The works in the Main Gallery were given to the museum by the Andy Warhol Foundation for the Visual Arts in New York through its Photographic Legacy Program, and include dozens of Polaroids, screen prints, and gelatin silver prints. The Polaroid images, which feature both well-known and obscure faces from the 1970s and 80s, served as preliminary sketches for Warhol’s famous large-scale silkscreen portraits. The gelatin silver prints depict more casual scenes and ‘still life’ images.
The original gift of Polaroids and prints arrived at the Museum in 2008, and was bolstered by an additional gift of Warhol screen prints from the Foundation in 2013. Professor Emerita Fiona Dejardin curated the Warhol exhibition.
“As a photo-historian, I was delighted when the Warhol Foundation approached me regarding a possible donation of Warhol photographs,” she said. “I was even more thrilled when the Yager Museum received this impressive gift. I was fortunate to be able to include the photographs in my courses, along with researching and curating this exhibition. Now the wider community is also able to appreciate these provocative and fascinating works.”
Honour N. Harlowe ’16, a museum studies minor at the College who has been helping prepare the exhibit since early 2013, added her perspective as Student Curator. “This is such a special group of photographs,” she said. “They allow audiences to see not only Warhol’s everyday photography, but also the beginnings of his more well-known screen prints. It’s a more intimate side of Warhol that you wouldn’t get to see in a major museum.”
Dr. Doug Kendall, Yager Museum coordinator, said, “Andy Warhol brings the work of this iconic 2oth-century artist to life for our visitors. The exhibition is full of fascinating imagery that illuminates Warhol’s meticulous work process as well as his personal obsession with documenting everyday life.
“We are grateful to the Warhol Foundation and the exhibition curators for creating the first of what will undoubtedly be a continuing series of exhibitions based on this collection,” he added.
The companion exhibition, Rapture and Havoc, was developed in celebration of the College’s connection to Warhol and his circle in the early 1970s. Bruce Kurtz, then a young Hartwick art and art history professor who straddled the divide between artist, scholar and critic, got to know Warhol and his chief assistant, Gerard Malanga. In 1970, Kurtz brought Malanga to Oneonta for poetry readings, a photographic expedition to Oneonta’s once-busy railyards and an avant-garde cinema festival featuring some of Warhol’s films. The next year, Kurtz arranged an exhibition of Warhol screen prints in the Yager Museum. Hartwick alumni recall that Warhol himself visited campus to deliver a surprise lecture to one of Kurtz’ art classes the morning after the exhibition opened.
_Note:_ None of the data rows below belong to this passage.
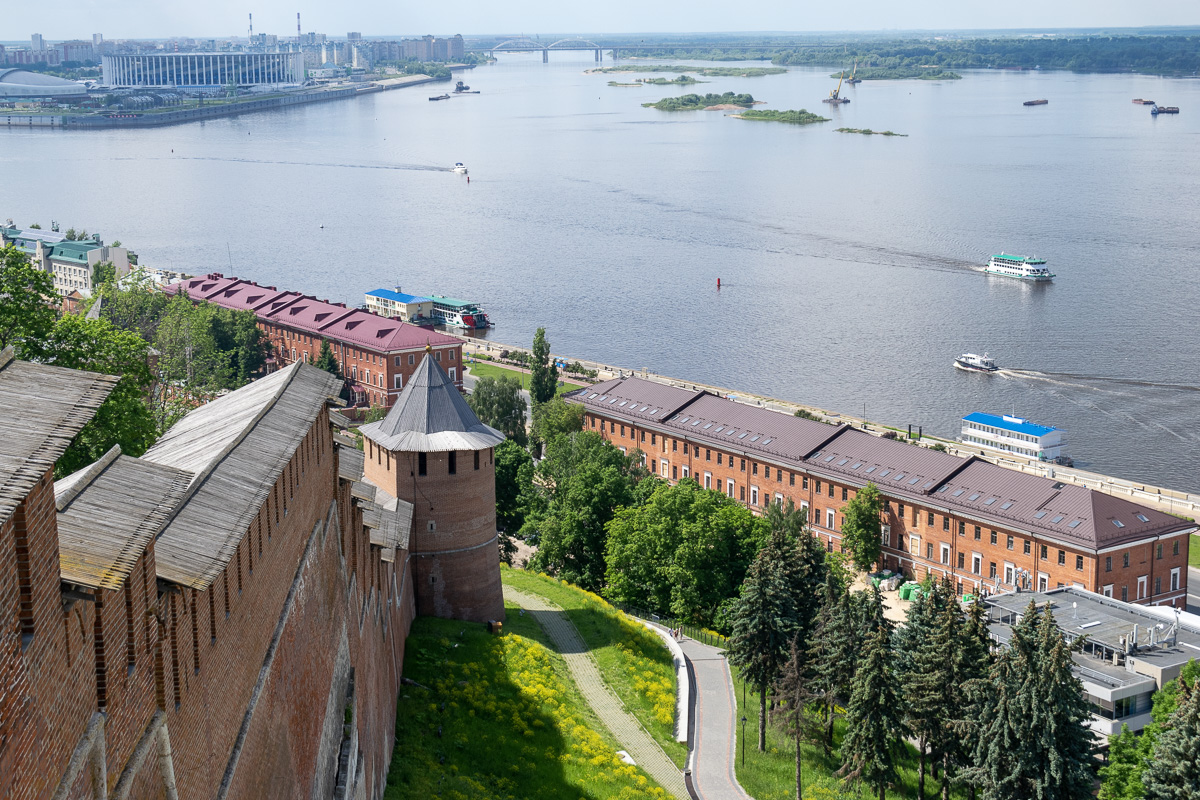 Нижний Новгород, Нижне-Волжская набережная, 1А; Кремль, 4В; Нижне-Волжская набережная, 1Б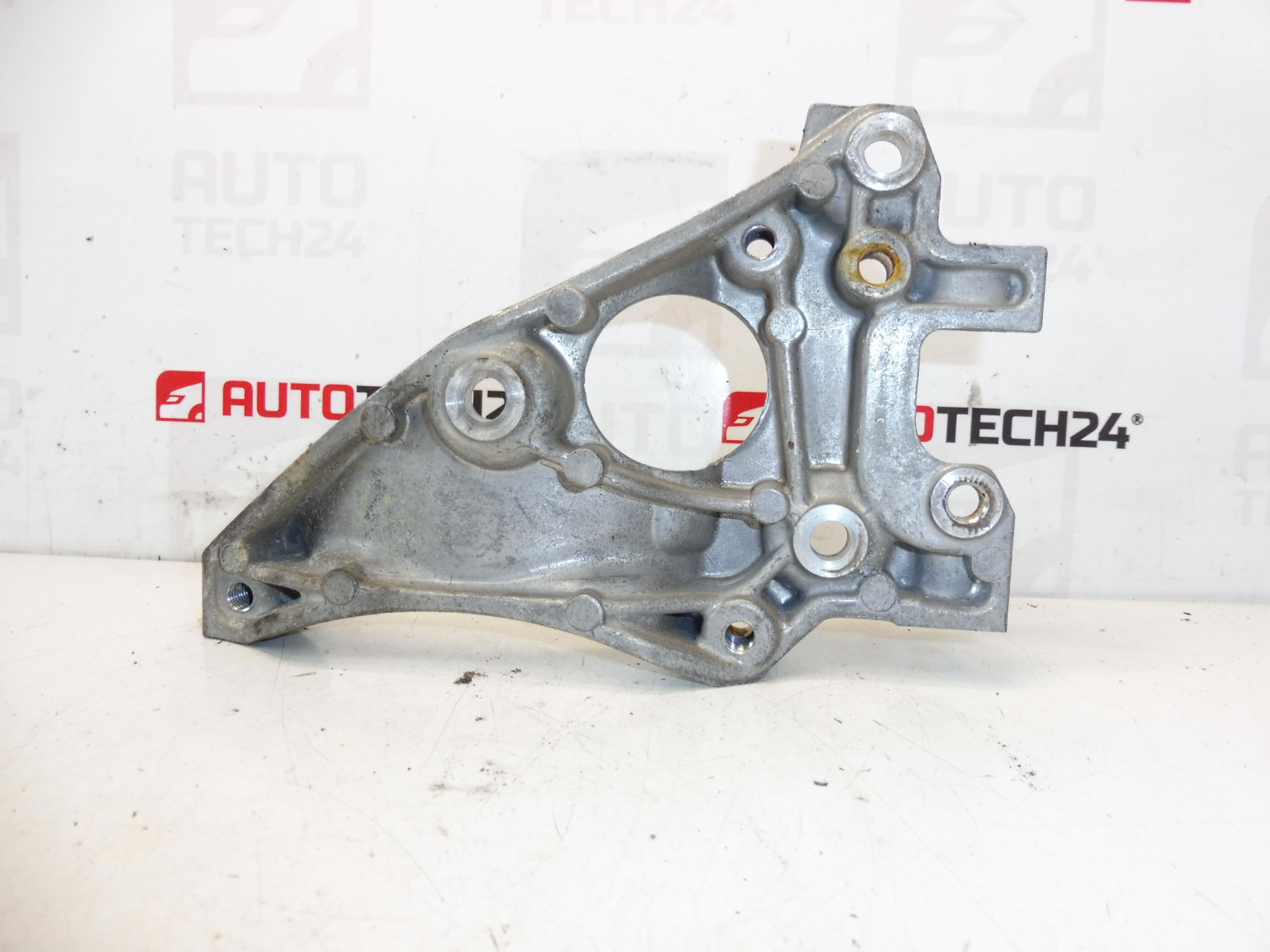 Support de compresseur de climatisation Citroën Peugeot 1.6 eHDI 9672950980 6453NS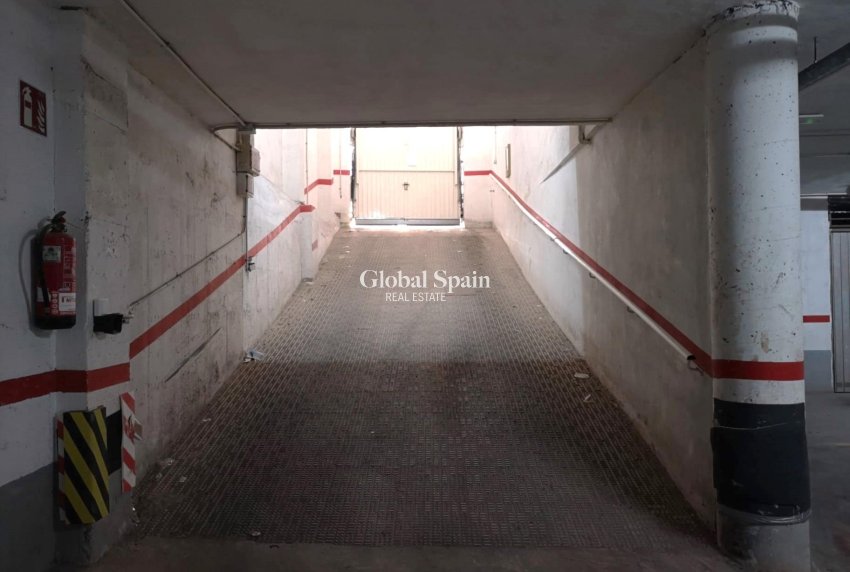 Wiederverkauf - DER PARKPLATZ / GARAGE -
TORREVIEJA - Playa de los locos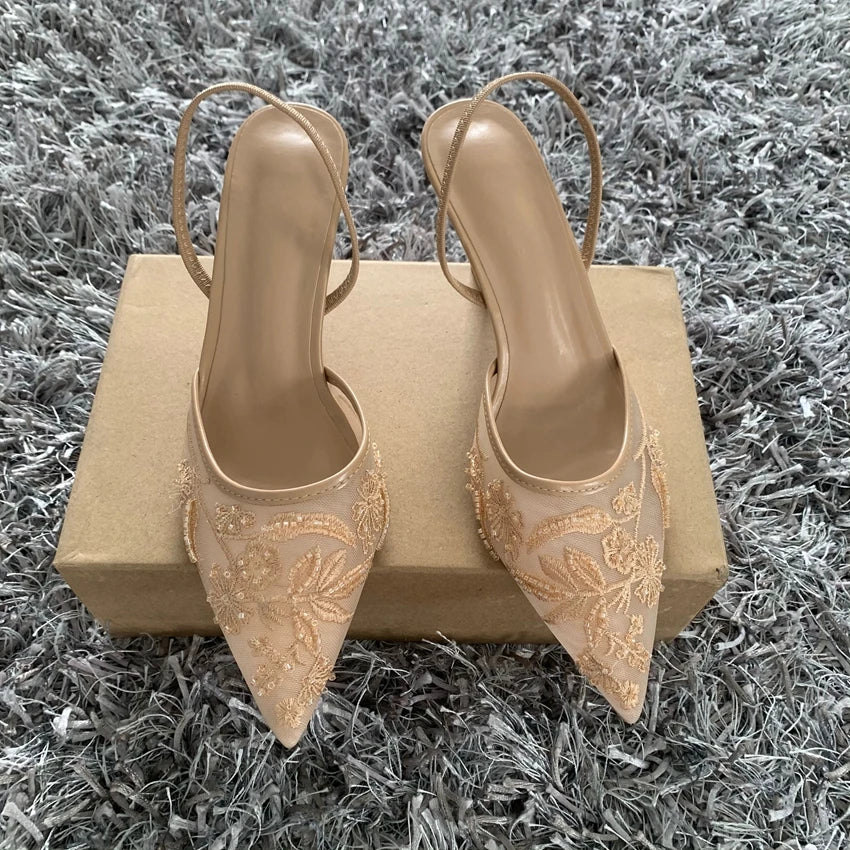 Sapatos Slingback Bordados de Luxo – Elegância para Ocasiões Especiais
Rapture and Havoc recounts these vibrant interactions between Kurtz, his Hartwick students, and the icons of the New York avant-garde through period photographs, newspaper articles and a recording of Kurtz’ 1975 video lecture, Andy Warhol Loves America.
College Archivist Rebekah Ambrose-Dalton assembled Rapture and Havoc.
“It is clear that Kurtz had a lasting and significant impact on many Hartwick students who knew him, and I am pleased to have the opportunity to share some of his insights on art and art history with current Hartwick students through this exhibit,” she said. “It is a very interesting chapter in the college’s history.”
Both exhibitions will be open throughout the 2015-2016 Hartwick College academic year.